What is expected:
Everything from the line containing "A red Highlands" through the end of the entries should be output exactly; nothing before it is wanted.

====== Record set ======

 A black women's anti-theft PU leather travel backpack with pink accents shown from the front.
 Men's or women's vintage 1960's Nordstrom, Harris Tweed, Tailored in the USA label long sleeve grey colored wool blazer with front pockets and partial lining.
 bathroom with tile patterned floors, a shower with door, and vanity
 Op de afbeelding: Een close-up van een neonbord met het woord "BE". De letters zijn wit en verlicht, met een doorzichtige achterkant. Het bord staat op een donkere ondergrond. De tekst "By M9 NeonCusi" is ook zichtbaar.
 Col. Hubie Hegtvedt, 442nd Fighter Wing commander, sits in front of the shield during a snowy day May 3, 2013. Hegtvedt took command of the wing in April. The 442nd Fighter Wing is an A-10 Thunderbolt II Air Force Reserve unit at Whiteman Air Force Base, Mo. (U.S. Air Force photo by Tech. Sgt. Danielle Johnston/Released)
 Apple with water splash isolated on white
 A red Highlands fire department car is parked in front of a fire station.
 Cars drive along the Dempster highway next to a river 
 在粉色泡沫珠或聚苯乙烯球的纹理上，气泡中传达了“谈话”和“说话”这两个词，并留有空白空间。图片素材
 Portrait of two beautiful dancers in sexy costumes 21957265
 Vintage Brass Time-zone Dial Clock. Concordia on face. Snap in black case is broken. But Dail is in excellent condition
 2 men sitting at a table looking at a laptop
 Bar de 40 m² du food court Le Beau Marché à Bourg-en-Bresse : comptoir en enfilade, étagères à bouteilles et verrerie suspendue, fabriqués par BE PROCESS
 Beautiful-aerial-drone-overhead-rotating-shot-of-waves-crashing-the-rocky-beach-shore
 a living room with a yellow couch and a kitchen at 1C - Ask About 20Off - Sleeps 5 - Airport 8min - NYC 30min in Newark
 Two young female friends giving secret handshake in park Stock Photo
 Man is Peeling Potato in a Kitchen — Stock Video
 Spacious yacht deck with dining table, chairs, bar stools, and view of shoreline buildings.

======

Result of the task:
 A red Highlands fire department car is parked in front of a fire station.
 Cars drive along the Dempster highway next to a river 
 在粉色泡沫珠或聚苯乙烯球的纹理上，气泡中传达了“谈话”和“说话”这两个词，并留有空白空间。图片素材
 Portrait of two beautiful dancers in sexy costumes 21957265
 Vintage Brass Time-zone Dial Clock. Concordia on face. Snap in black case is broken. But Dail is in excellent condition
 2 men sitting at a table looking at a laptop
 Bar de 40 m² du food court Le Beau Marché à Bourg-en-Bresse : comptoir en enfilade, étagères à bouteilles et verrerie suspendue, fabriqués par BE PROCESS
 Beautiful-aerial-drone-overhead-rotating-shot-of-waves-crashing-the-rocky-beach-shore
 a living room with a yellow couch and a kitchen at 1C - Ask About 20Off - Sleeps 5 - Airport 8min - NYC 30min in Newark
 Two young female friends giving secret handshake in park Stock Photo
 Man is Peeling Potato in a Kitchen — Stock Video
 Spacious yacht deck with dining table, chairs, bar stools, and view of shoreline buildings.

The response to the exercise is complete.